Chilling little tale from the New Statesman New Media Awards 2005 Weblog - a teacher in a Welsh school with a rather panoptical view of schoolyard security:
A Welsh primary school is considering whether to supervise its pupils with electronic tags due to a shortage of teaching assistants.
Under the proposed system, an alarm sounds if any of the 350-pupils leave Ysgol Gynradd Gymraeg Lonlas Primary School, Swansea, at any point during the day.
The Deputy Children’s Commissioner for Wales, Sara Reid, said: “I understand that schools need to worry about the safety of the children, but we are concerned about the effect this could have on the human rights of children.”
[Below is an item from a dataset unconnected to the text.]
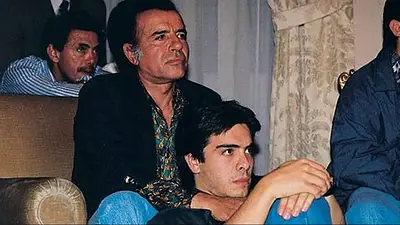 Fotografía del ex presidente Carlos Menem y su hijo Fotografía del ex presidente Carlos Menem y su hijo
The school’s head teacher, Dyfrig Ellis, has started talks with a Dutch tag manufacturer. He said: “The tagging system does appear extreme, but I believe that it’s an option I have to consider when the safety of pupils is in question.”
"Put your tags on, children": why does this alarm me so? Perhaps, as the article says, it's the thin end of a wedge: "Similar concerns could justify the use of tags to limit freedom in other areas of life".
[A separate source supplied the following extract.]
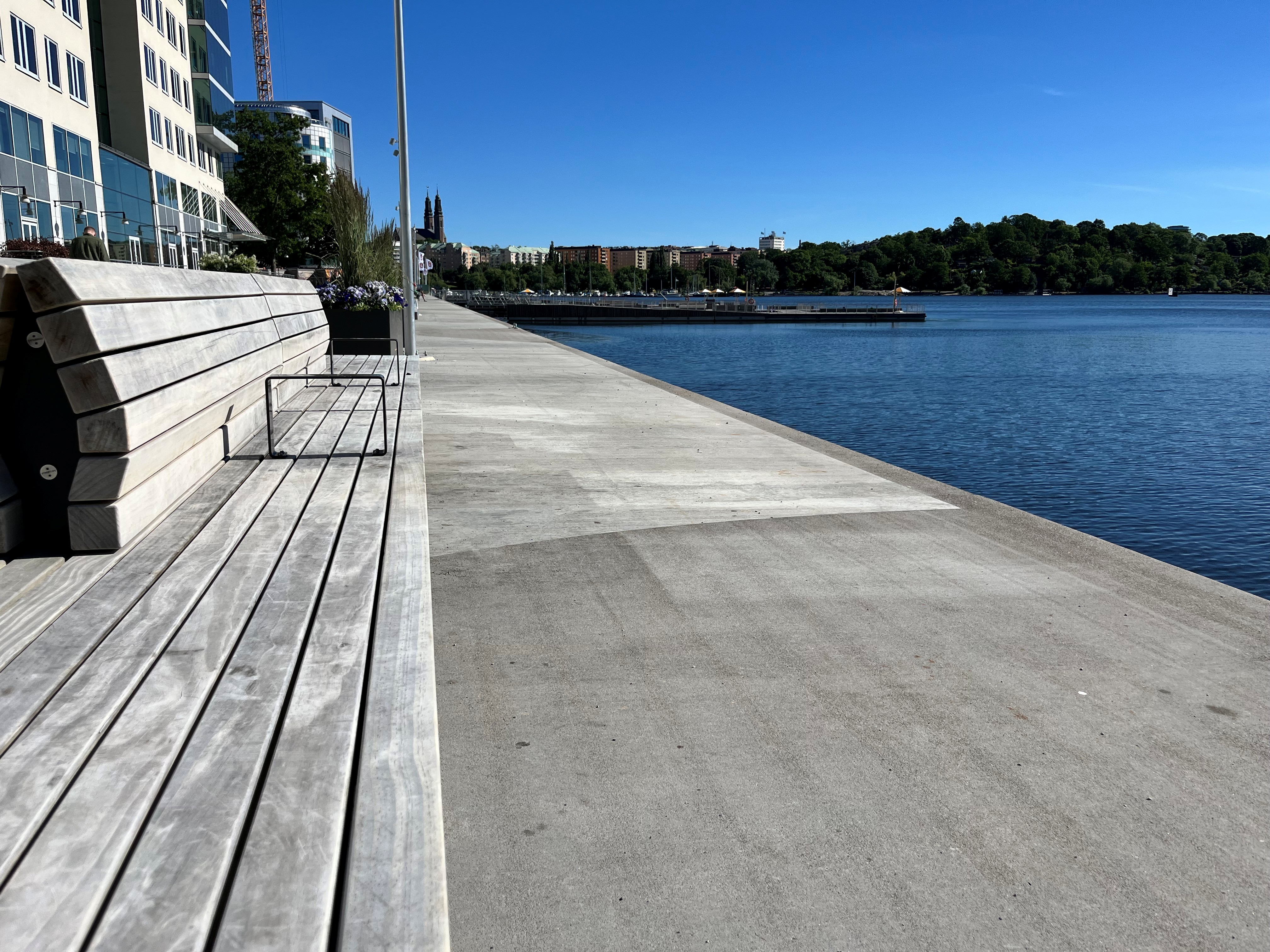 Betongpromenad längs vattnet med träbänkar och byggnader i bakgrunden.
In my contacts with play-workers throughout the children's sector, it's this disintegration of faith in the public or community realm which is their biggest bugbear. There's a beautiful article from the Guardian on what it means when children can't be seen and heard playing in the street:
As with birds, so with children: their presence all over the place, in diversity and numbers, is a sure sign of a healthy human habitat. To achieve that, our transport and planning priorities need to change, including such measures as 20mph speed limits in the streets where children live. That, in turn, implies a change in adult attitudes - something that pessimists say just isn't going to happen.
The success of home zones - child-friendly streets - suggests the pessimists might be wrong. They show that many local communities want to live in habitats where the noise of children playing outside is not a sign of neglect but a sound to raise the spirits. Like the first cuckoo of spring.